CSV. Delimiters (comma, semicolon, tab, pipe) and character encoding (UTF-8, Latin-1) are detected automatically. Malformed lines are skipped before the file is converted into a DataFrame.
Excel (.xlsx, .xls). Multiple sheets are loaded in parallel. Per sheet, metadata are extracted (column types, statistics, sample values, missing values).

The loaded DataFrames are memory-optimised (numeric columns downcast, categorical columns detected, datetime columns parsed). Configurable upper limits for file size, row count, and column count prevent uncontrolled resource use.

Input handling and intent classification¶

Each input is first classified before code is generated. Four intents are distinguished: create a chart for a single sheet, create multiple charts (several or all sheets), modify the current chart, and advisory only without generation.

A trigger-word library and a decision tree support the classification.
Context information (available sheets, currently displayed chart) feeds into the recognition.
Each classification carries a reasoning string and a confidence score for traceability.

Chart generation¶

From the classified intent, an execution plan is created that specifies chart type, axes, grouping, aggregation, and title. The plan is then translated into Plotly Express code and executed.

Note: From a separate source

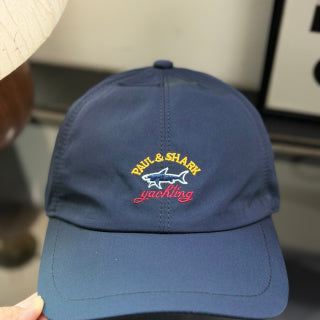 Ralph Lauren Hat Deep Royal Blue Baseball Cap with Multicolor Front Embroidery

Support for ten chart types with type-specific parameters (for example orientation and stacking mode for bar charts, hole ratio for donut charts, trend line for scatter plots).
Aggregations are applied to the DataFrame before plotting where required.
Standard interactivity (hover, zoom, pan, mode bar) is applied uniformly to all generated charts.

Modification of existing charts¶

Requests that modify an existing chart continue from the existing code. The chart's underlying structure is preserved, and only the aspect named by the user is changed (colour, title, labels, size, style, data). For semantic colour requests ("red for negative"), an explicit category-to-colour mapping is produced.

Recommendation system¶

Immediately after file upload, three to five concrete visualisation suggestions are derived from the data structure, each with a sheet reference, chart type, and a ready-to-use input phrase. A short confirmation ("ok") triggers automatic execution of all suggestions.

Quality-assurance features¶

Several mechanisms reduce errors and stabilise the results of LLM-based processing.

Pipeline separation. Intent recognition, planning, and execution are implemented as separate services with separate prompts. This makes it easier to localise sources of error.
Pattern and anti-pattern library. Templates exist for common chart and modification scenarios; known failure modes are documented as anti-patterns and included in the prompts.
Code validator. Before execution, the generated code is checked for semantic correctness, in particular for colour mappings (existence of referenced categories, use of color_discrete_map for semantic requests).
Retry logic. If execution fails, the error message is fed back to the LLM and the code is revised in up to three iterations.
Seaborn fallback. If repeated correction attempts cannot produce executable Plotly code, a simplified Seaborn-based chart is created instead.
Sandbox execution. The generated code runs with restricted built-ins and without import capability.
Column and type checks. Column names referenced in the generated code are validated against the actual DataFrame columns.
Traceability. Per chart, the request, intent, generated code, and library used are recorded; logging documents each pipeline step.

Export, sessions, and configuration¶

Export. Charts can be saved as interactive HTML (Plotly via CDN or embedded) or as PNG (configurable resolution and scaling).
Sessions. Per user session, DataFrames, metadata, the currently displayed chart, and a chart history (up to ten entries) are managed.
Themes. Light and dark themes can be switched during a session; six predefined colour schemes are available.
Configuration. All thresholds (file, row, and column limits, number of LLM calls, retry count, themes, export paths, server port, reverse-proxy path) can be set via environment variables.